# EXERCISE OBJECTIVE:
From the first line to the last, print the data exactly as it appears.

(SUPPLIED MATERIAL begins)

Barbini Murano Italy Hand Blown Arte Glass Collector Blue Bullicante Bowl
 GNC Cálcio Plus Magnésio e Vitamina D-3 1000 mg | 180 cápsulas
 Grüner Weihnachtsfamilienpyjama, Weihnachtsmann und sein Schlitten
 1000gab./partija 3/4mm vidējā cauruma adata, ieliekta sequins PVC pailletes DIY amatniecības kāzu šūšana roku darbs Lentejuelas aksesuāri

(SUPPLIED MATERIAL ends)

# REPLY:
Barbini Murano Italy Hand Blown Arte Glass Collector Blue Bullicante Bowl
 GNC Cálcio Plus Magnésio e Vitamina D-3 1000 mg | 180 cápsulas
 Grüner Weihnachtsfamilienpyjama, Weihnachtsmann und sein Schlitten
 1000gab./partija 3/4mm vidējā cauruma adata, ieliekta sequins PVC pailletes DIY amatniecības kāzu šūšana roku darbs Lentejuelas aksesuāri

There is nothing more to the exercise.